Categories of Special Interest

Architectural, Historical, Social, Technical


Original Use

Factory


Historical Use

Workshop


In Use As

Shop/retail outlet


Date

1945 - 1960


Coordinates

315128, 235195


Date Recorded

29/11/2012


Date Updated

--/--/--


Description

Detached six-bay four-storey former showroom and workshop, built 1946-59, having two-storey workshop with ten-bay side elevation to rear (east), and three-bay single-storey entrance block to front (west) elevation. Later in use as artists' studios, now in retail and workshop use. Flat roof, projecting lift shaft, projecting concrete eaves, steel parapet railing. Rendered concrete walls, piers dividing pairs of bays to front, 'HENDRONS' in raised lettering to front. Rendered corner piers, plinth course and parapet to single-storey block to front, raised fascia to centre. Square-headed window openings, glass block windows to front, north, and south elevations of front block, one replacement uPVC window. Steel-framed windows to north and south elevation of workshop. Steel-framed display windows to entrance block, flanking square-headed door opening with replacement uPVC double-leaf doors.
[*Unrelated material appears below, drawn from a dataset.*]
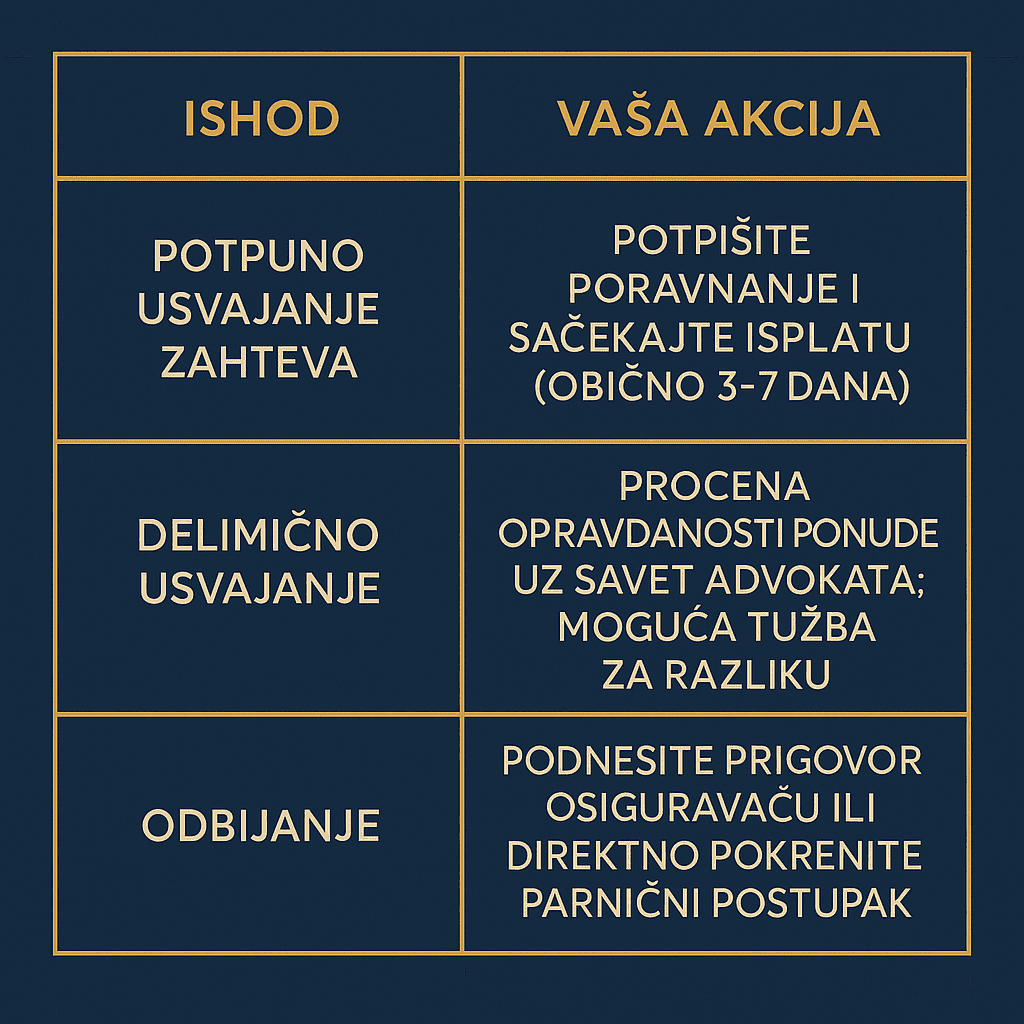 Deciding on insurance according to the claim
Circular window to south elevation of entrance block. Square-headed door openings to front, render surrounds, replacement uPVC doors.

Appraisal

Hendrons were an important supplier of machinery, pumps, and plant equipment in the first half of the twentieth century, importing from many European countries and the United States for projects such as the new sugar and alcohol factories, and rural electrification and water schemes in rural areas. This building was designed by Vaclav Gunzl, a Czechoslovakian engineer who managed Hendrons' machinery workshop. Gunzl had come to Ireland for Skoda, who were providing the turbines for the alcohol factories, and Hendrons was the sole agent for Skoda. Gunzl was one of many European engineers whose experience was sought for the industrialization of the new State. The building was built by Hendrons' own employees, one floor at a time. Bearing clear influences of International Modernism in its flat roof, white rendered walls, and modern materials, it nonetheless has elements of the vernacular in its slightly asymmetrical window openings, its off-centre shopfront, simple form, and its design and construction by Hendrons' staff who were not construction professionals. Today, it is a distinctive and well-known landmark in the area, a rare example of twentieth-century vernacular modernism, and a visual reminder of the importance of Hendrons as an agent of change and industrialization in the early days of the State.